Angioinvasive lymphomatoid papulosis: a new variant simulating aggressive lymphomas.
Am J Surg Pathol. 2013 Jan;37(1):1-13. doi: 10.1097/PAS.0b013e3182648596.
Kempf W, Kazakov DV, Schärer L, Rütten A, Mentzel T, Paredes BE, Palmedo G, Panizzon RG, Kutzner H.
*Kempf und Pfaltz, Histologische Diagnostik †Department of Dermatology, University Hospital, Zürich ∥Dermatology, Centre Hospitalier Universitaire Vaud, Lausanne, Switzerland ‡Department of Pathology, Faculty of Medicine in Pilsen, Charles University in Prague, Czech Republic §Dermatopathologie Friedrichshafen, Germany.

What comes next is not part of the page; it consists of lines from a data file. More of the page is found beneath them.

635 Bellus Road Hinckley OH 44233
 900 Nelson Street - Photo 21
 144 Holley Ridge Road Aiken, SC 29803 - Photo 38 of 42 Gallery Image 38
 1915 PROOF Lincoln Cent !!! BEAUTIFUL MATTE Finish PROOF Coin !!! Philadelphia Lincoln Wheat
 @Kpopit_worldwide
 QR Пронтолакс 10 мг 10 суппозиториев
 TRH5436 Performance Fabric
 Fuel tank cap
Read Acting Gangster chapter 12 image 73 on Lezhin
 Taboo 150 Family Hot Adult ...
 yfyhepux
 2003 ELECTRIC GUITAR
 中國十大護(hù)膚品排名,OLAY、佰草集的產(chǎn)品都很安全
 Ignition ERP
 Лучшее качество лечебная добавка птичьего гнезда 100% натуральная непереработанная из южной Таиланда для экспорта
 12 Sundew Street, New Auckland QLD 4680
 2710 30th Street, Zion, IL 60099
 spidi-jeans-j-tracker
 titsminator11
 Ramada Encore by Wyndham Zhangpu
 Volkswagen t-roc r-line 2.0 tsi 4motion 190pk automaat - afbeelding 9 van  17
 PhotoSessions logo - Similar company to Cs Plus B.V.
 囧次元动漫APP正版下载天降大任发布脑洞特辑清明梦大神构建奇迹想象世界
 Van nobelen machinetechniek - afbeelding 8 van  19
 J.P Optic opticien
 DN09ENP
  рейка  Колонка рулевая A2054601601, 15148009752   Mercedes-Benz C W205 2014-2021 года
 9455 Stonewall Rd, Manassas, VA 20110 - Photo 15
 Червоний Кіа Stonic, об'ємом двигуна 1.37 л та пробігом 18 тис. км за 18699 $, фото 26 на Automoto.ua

Lymphomatoid papulosis (LyP) belongs to the spectrum of primary cutaneous CD30-positive lymphoproliferative disorders. Clinically, LyP is characterized by a variable number of self-healing papulo-nodular lesions, with the typical waxing and waning course. Histologically, 4 types (A, B, C, and D) have been delineated. Angioinvasive growth and large ulcers are rare findings in LyP and simulate aggressive lymphoma. We retrospectively analyzed the clinicopathologic and molecular features of angioinvasive LyP in a series of 16 patients. This new form of LyP is characterized by oligolesional papules that rapidly ulcerate and evolve into large necrotic eschar-like lesions with a diameter of 1 to 4 cm and an angiocentric and angiodestructive infiltrate of small-sized to medium-sized atypical lymphocytes expressing CD30 and frequently CD8. As in other forms of LyP, the lesions underwent spontaneous regression after a few weeks. Recurrences were common, but the prognosis was excellent with no extracutaneous spread or disease-related deaths. Complete remission occurred in 9 of 16 patients (56%). This LyP variant should be distinguished from aggressiveforms of angiocentric and angiodestructive and cytotoxic T-cell lymphomas. We propose the term LyP type E for this clinically and histologically unusual variant.